▶ _About this task_:
Go through the entries below, count every line with the string "Book", and answer with only that number.

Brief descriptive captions
________________
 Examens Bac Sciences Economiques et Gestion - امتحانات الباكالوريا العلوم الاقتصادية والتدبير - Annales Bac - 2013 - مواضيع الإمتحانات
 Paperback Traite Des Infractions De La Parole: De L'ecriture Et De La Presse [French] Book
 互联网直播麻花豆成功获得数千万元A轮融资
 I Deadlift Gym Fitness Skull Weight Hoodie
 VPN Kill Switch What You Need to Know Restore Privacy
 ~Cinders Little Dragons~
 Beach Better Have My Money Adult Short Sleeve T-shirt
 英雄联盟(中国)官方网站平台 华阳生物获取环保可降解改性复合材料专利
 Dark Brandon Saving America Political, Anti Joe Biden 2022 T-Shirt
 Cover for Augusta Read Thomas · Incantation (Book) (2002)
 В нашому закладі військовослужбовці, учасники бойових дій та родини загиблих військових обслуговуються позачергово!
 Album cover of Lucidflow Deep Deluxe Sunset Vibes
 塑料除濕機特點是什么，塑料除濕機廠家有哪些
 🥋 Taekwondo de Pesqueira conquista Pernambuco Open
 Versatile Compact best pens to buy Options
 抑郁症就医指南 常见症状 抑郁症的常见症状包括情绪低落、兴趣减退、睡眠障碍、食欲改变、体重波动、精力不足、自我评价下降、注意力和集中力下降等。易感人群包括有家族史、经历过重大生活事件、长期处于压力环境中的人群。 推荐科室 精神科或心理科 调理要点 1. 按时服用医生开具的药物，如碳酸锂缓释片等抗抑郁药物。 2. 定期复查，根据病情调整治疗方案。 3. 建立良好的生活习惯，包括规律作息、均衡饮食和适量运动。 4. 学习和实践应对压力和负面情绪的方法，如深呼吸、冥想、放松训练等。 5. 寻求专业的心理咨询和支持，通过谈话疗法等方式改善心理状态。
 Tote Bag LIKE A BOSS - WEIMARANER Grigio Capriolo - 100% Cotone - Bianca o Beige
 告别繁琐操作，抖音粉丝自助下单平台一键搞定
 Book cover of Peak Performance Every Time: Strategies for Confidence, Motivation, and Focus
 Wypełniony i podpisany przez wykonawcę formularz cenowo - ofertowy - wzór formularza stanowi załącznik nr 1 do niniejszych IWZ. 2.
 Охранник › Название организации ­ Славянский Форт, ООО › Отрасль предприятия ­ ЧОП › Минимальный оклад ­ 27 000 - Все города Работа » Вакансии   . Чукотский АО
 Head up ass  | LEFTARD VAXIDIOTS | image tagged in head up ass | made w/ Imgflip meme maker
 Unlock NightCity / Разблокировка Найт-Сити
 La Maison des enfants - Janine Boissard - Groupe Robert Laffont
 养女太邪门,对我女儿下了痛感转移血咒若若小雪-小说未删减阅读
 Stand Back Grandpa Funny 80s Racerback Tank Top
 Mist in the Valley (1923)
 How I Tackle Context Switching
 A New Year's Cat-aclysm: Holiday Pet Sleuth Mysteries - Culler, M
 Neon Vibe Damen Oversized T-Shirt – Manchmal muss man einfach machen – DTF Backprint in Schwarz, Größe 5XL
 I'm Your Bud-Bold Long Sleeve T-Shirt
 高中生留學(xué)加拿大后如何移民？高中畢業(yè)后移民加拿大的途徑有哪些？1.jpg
________________
▶ _Exercise response_:
3